In dialogue with Emanuela Gamberoni professor at the University of Verona, journalist and photographer Sally Hayden presented his book (And the fourth time we drowned. On the path of death that leads to the Mediterranean, translation by Bianca Bertola, Bollati Boringhieri, 2023) which earned her the Terzani Prize 2024. The title, explains the author, is taken from the story of an experience of hers, it highlights her trauma and painful journey, so much so that it made her feel uncomfortable when she collected the story.

«It is a book that challenges us all, it has a lot to say and says a lot» adds Gamberoni. And Hayden comments: « I studied law and not journalism and I discovered that human rights don’t exist everywhere. I wanted to get the message across that we must not become indifferent to power imbalances and violence. There is a race of cruelty in the Mediterranean, it is difficult to maintain hope, but I want to say, with this book, “not in my name”, because we can no longer deny what is happening.”

Happiness, this unknown

Between literature, science, history and migration, the discussion on happiness emerged at Libri e Rose starting from the book by Marco Balzano (What does happiness have to do with it? One word and four storiesFeltrinelli, 2022) which entertained the audience supported by Andrea Kerbaker’s questions.

Well-known and award-winning writer, Balzano is also an appreciated essayist and with this book he explores a difficult theme starting from the etymology of the word. «”happiness” is the most mobile word in the dictionary, a subjective word that is continually updated» declares Balzano. In the Greek, Latin and Judeo-Christian traditions the word takes on different meanings yet with surprising connections: happiness and wealth, happiness and fertility, happiness and nourishment, happiness and care, happiness and abundance, alone happy or happy together.

A detail of the exhibition running until May 18th with the graphic works of Joan Mirò in the Civic Library.

For Latinos happinessfor the Greeks eudaimonia, in the Celtic English cultural tradition happiness. The author has dealt with the word as a person who changesbecause even language changes and follows the seasons of each of us’s lives “a word is not only used to indicate an object, but to transform it into an idea, a metaphor, a concept”.

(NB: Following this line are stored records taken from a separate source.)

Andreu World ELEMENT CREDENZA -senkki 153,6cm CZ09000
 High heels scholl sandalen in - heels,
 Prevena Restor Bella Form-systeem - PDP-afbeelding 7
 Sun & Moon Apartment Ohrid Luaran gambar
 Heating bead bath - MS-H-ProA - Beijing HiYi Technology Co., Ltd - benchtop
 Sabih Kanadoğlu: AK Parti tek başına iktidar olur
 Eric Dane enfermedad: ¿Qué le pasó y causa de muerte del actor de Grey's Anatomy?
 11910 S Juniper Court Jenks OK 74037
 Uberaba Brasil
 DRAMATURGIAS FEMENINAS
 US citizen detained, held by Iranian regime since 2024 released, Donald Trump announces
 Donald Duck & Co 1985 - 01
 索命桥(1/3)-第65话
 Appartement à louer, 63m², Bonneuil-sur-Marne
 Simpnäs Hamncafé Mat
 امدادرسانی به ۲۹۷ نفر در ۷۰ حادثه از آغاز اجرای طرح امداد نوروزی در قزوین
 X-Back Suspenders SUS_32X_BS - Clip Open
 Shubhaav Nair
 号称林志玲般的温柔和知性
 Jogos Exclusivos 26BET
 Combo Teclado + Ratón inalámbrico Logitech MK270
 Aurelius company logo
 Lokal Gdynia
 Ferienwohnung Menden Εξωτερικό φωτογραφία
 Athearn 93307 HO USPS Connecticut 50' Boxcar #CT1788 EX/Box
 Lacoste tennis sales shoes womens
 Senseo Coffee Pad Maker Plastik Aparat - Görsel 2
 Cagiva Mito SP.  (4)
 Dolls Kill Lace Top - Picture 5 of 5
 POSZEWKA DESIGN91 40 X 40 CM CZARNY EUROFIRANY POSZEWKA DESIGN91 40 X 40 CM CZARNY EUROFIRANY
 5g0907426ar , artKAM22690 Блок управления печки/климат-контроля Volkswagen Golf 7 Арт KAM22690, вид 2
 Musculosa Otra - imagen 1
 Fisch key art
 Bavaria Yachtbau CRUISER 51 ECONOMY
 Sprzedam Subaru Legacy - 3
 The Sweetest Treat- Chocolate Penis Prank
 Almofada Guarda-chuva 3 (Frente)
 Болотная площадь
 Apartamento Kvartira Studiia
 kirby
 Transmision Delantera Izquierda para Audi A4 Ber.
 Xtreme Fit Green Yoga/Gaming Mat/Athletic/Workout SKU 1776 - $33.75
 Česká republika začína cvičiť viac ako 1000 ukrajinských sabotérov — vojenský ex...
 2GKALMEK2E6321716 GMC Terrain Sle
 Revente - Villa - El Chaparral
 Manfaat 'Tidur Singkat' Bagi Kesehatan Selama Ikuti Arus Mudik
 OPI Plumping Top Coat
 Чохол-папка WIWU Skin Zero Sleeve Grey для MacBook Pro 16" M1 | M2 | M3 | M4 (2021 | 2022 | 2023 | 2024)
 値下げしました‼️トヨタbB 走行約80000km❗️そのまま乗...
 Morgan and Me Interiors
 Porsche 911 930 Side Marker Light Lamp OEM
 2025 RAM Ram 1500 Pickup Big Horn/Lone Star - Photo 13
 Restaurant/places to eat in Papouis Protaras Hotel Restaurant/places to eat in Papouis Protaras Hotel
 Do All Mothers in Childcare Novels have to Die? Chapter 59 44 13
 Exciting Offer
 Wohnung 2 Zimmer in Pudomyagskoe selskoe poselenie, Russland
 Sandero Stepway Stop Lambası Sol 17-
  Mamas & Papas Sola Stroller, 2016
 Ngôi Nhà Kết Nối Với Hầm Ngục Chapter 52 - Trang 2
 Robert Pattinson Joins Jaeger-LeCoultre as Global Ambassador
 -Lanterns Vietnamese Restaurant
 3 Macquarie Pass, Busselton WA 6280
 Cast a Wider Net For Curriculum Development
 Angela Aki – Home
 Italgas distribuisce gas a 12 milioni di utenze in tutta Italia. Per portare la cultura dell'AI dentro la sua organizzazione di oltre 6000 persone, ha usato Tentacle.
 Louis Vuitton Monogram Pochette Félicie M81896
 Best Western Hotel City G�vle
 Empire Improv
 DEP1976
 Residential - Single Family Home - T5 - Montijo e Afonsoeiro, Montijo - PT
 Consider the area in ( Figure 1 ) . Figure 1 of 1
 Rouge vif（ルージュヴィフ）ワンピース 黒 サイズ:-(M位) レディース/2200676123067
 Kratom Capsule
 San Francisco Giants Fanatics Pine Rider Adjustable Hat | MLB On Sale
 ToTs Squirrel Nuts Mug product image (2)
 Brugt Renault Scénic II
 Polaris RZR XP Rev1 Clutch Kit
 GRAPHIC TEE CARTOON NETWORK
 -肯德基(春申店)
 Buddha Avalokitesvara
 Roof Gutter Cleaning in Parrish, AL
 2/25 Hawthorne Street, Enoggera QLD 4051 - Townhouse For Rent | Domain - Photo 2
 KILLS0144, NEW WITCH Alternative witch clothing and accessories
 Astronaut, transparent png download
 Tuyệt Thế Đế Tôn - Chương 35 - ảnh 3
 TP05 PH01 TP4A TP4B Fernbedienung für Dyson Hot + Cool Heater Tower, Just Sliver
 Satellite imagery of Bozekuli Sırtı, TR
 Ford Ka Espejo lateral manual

The exhibition in the protomoteca

As part of the event, open to the public until May 18, you can visit the exhibition dedicated to some graphic works by Joan Miròcreated specifically by the eclectic painter for the magazine Behind the mirror. «Colorful and imaginative lithographs that combine color, drawing and writing» he underlined Francesca Rossidirector of the Civic Museums of Verona, who led the visit during the vernissage together with Andrea Kerbaker.